Another of the group’s leaders was involved in drug deals valued at over €1 million two decades ago and has served time in an Irish prison. The precise details of these past crimes cannot be set out in detail here for legal reasons. One of the gang’s suspected leaders is currently before the courts on serious gang-related charges.

In 2016, when the Kinahan-Hutch feud erupted on the streets of Dublin, the Kinahans’ Dublin-based drugs group came under sustained pressure from the Garda and has since been effectively suppressed. However, The Family gang managed to profit from that situation, taking receipt of major drug deliveries from abroad and selling them to other Irish crime gangs.

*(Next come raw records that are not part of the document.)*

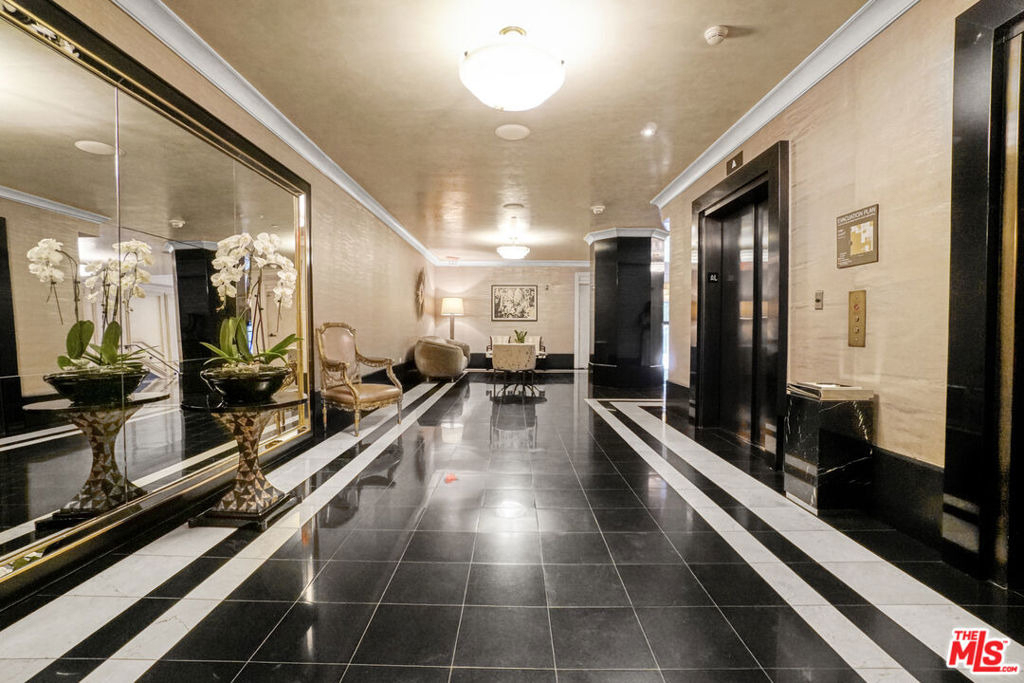 1645 Vine Street - Photo 34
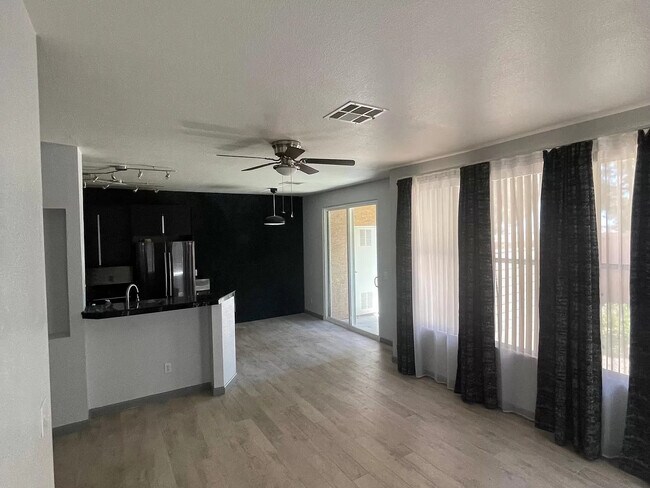 Building Photo - 251 S Green Valley Pky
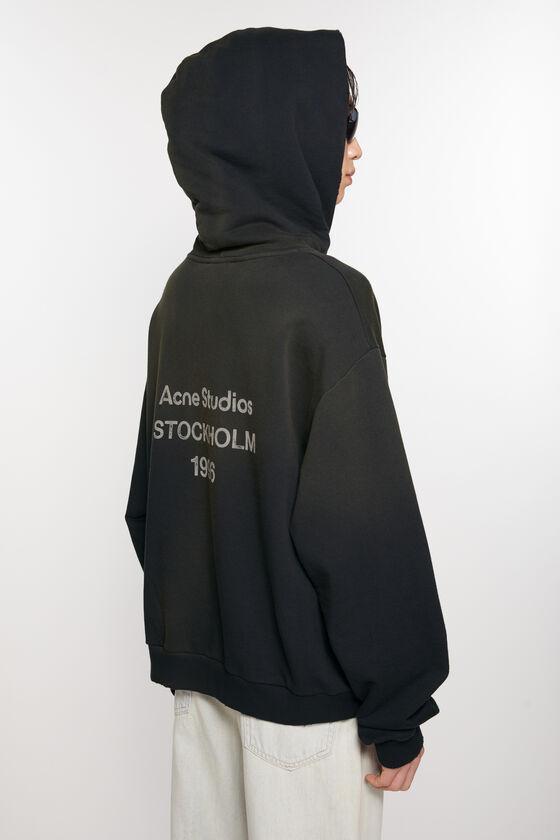 Logo hooded sweater Product Image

Garda sources say they are not in the same league as the Kinahan cartel, though they are a large-scale domestic drug dealing enterprise with international links. Some of the biggest cash and drug seizures in the Republic during the pandemic years were linked to them.

And in a development that confirms their status close to the top of the tree in the domestic underworld, they are a major target for both the Garda National Drugs and Organised Crime Bureau and the Criminal Assets Bureau (Cab). Indeed, Cab has raided a luxury business controlled by the The Family gang, and being used as a front for money laundering, and has already seized some assets from them with further actions anticipated.